A sample of nitrosyl bromide (NOBr) decomposes according to the equation $$2 \mathrm{NOBr}(g) \rightleftharpoons 2 \mathrm{NO}(g)+\mathrm{Br}_{2}(g).$$ An equilibrium mixture in a 5.00-L vessel at \(100^{\circ} \mathrm{C}\) contains \(3.22 \mathrm{~g}\) of NOBr, \(3.08 \mathrm{~g}\) of \(\mathrm{NO},\) and $4.19 \mathrm{~g}\( of \)\mathrm{Br}_{2}\(. (a) Calculate \)K_{c}$. (b) What is the total pressure exerted by the mixture of gases? (c) What was the mass of the original sample of NOBr?

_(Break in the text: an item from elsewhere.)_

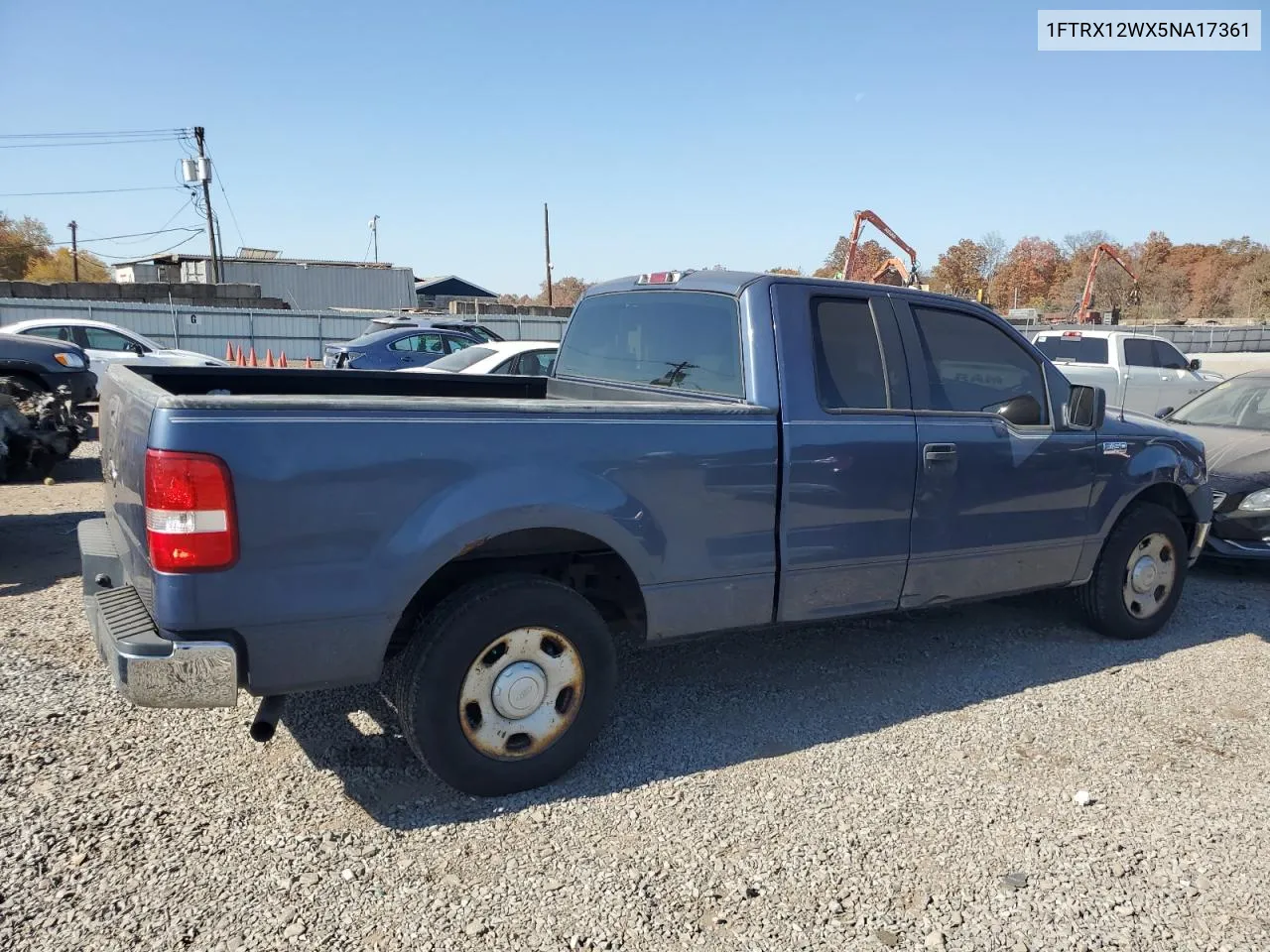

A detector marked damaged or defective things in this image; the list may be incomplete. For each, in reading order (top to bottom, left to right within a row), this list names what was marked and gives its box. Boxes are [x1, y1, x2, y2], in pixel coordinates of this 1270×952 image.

damaged car [1158, 373, 1270, 563]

First, let's determine the number of moles for NOBr, NO, and Br₂ by using their respective molar masses. Molar masses: NOBr: 14.01(g/mol for N) + 15.999(g/mol for O) + 79.904(g/mol for Br) = 109.923 g/mol NO: 14.01(g/mol for N) + 15.999(g/mol for O) = 30.009 g/mol Br₂: 2 × 79.904(g/mol for Br) = 159.808 g/mol Moles of each component: n_NOBr = 3.22 g / 109.923 g/mol = 0.0293 mol n_NO = 3.08 g / 30.009 g/mol = 0.1027 mol n_Br₂ = 4.19 g / 159.808 g/mol = 0.0262 mol

Since the volume of the reaction is given as 5.00 L, we can determine the concentrations of each component at equilibrium by dividing the number of moles by the volume. [NOBr] = n_NOBr / 5.00 L = 0.0293 mol / 5.00 L = 0.00586 M [NO] = n_NO / 5.00 L = 0.1027 mol / 5.00 L = 0.02054 M [Br₂] = n_Br₂ / 5.00 L = 0.0262 mol / 5.00 L = 0.00524 M

Now that we have the concentrations at equilibrium, we can find the equilibrium constant using the balanced chemical reaction: 2 NOBr(g) ⇌ 2 NO(g) + Br₂(g) $$K_{c} = \frac{[\mathrm{NO}]^{2}[\mathrm{Br}_{2}]}{[\mathrm{NOBr}]^{2}}$$ Plugging in the concentration values: $$K_{c} = \frac{(0.02054)^{2}(0.00524)}{(0.00586)^{2}}$$ Kc = 12.3 So, the equilibrium constant Kc = 12.3.

To find the total pressure exerted by the mixture, we can use the ideal gas law, which is given by: PV = nRT The values of R (gas constant) and T (temperature) are given as R = 0.08206 L atm / mol K and T = 100 °C = 373 K. Let's start by finding the total number of moles of gas in the mixture: n_total = n_NOBr + n_NO + n_Br₂ = 0.0293 mol + 0.1027 mol + 0.0262 mol = 0.1582 mol Now we can substitute the values into the ideal gas law equation. P * 5.00 L = 0.1582 mol * 0.08206 L atm / mol K * 373 K Solving this equation, we get: P = 1.091 atm Thus, the total pressure exerted by the mixture is 1.091 atm.

To find the original mass of NOBr, we need to determine the number of moles of NOBr that dissociated during the reaction. Since the balanced equation shows that for every 2 moles of NOBr that decompose, 2 moles of NO are formed and 1 mole of Br₂ is formed, we can compare the number of moles to determine the initial number of moles of NOBr. From the balanced equation, the decomposition ratio of NOBr to NO is 1:1. So, the change in the number of moles of NO will be equal to the change in the number of moles of NOBr decomposed. Δn_NOBr = Δn_NO = n_NO - n_NO (initial) Since n_NO (initial) = 0, we have: Δn_NOBr = 0.1027 mol Now, let's find the initial number of moles of NOBr: n_NOBr (initial) = n_NOBr + Δn_NOBr = 0.0293 mol + 0.1027 mol = 0.132 mol Finally, let's convert the moles into grams using the molar mass of NOBr: Initial mass of NOBr = n_NOBr (initial) * molar mass of NOBr = 0.132 mol * 109.923 g/mol = 14.51 g Thus, the initial mass of the nitrosyl bromide sample was 14.51 g.